We wanted to share this large unused area (about 2ft x 3 ft) under the sofa that we found while installing an antifreeze kit to the water pump.
The water pump and heater are located under the sofa, on the left side in the 2009 210RS. When we saw that half of the floor area under the sofa wasn't used, we took advantage of the space by framing a separator between the utilities side and the unused side, and making an access hole (25"x13") which can be reached from lifting the sofa.
Wonder why Keystone didn't take advantage of this space for additional storage.


----------



## MaeJae (May 12, 2005)

GREAT mod!!!









Thanks for the pix!

MaeJae


----------



## rdvholtwood (Sep 18, 2008)

Nice Mod - this is something I am also going to look into with our TT.

Interesting - our area under the sofa only has a small circle on our 250RS to get to the bypass valve for the HW Heater.

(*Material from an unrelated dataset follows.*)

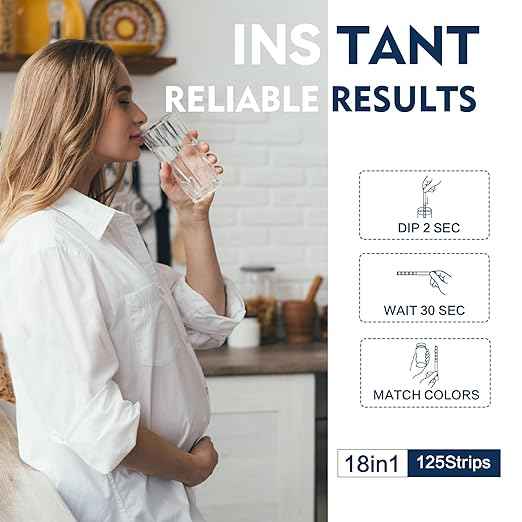 All-New 18 in1 Drinking Water Test Kit-125 Water Quality Test Strips for Well Tap Test Kit,Water Testing Strips for Home Drinking Water Testing,Hardness,Chlorine, Lead,Iron, Copper,Fluoride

Just curious as to if your water pump has a bypass also? or did you have to insall one?

Rick


----------



## ALASKA PFLOCK (Jun 24, 2007)

Path4ground- Nice mod! Strange that Keystone didn't utilize this great space, they did in our 2005 26RS.


----------



## Thor (Apr 7, 2004)

Great Job - I love the extra touch with the black finishing edge.

Thor


----------



## SLO Outbacker (Jan 30, 2009)

I just picked up a 210 2 weeks ago. I like the mods you have done. How hard was it to move the sofa back? Keep the ideas coming!


----------



## Scoutr2 (Aug 21, 2006)

This won't work for some of us, though. I have a 2007 29BHS (discontinued model) and the area that you made into storage is where my slide motor is located. But the idea is a good one for those that can do it!

Thanks for sharing.

Mike


----------



## GarethsDad (Apr 4, 2007)

Did you add a accumulator tank while you were installing the antifreeze kit? James


----------



## Path4ground (Sep 14, 2008)

SLO Outbacker said:


> I just picked up a 210 2 weeks ago. I like the mods you have done. How hard was it to move the sofa back? Keep the ideas coming!


Its been awhile since I have been on the site, but to answer your question, its 4 screws at the corners of the sofa frame. Shouldn't be very difficult to do, just be aware not to go back too far that the sofa doesn't hit the wall when folding down!


----------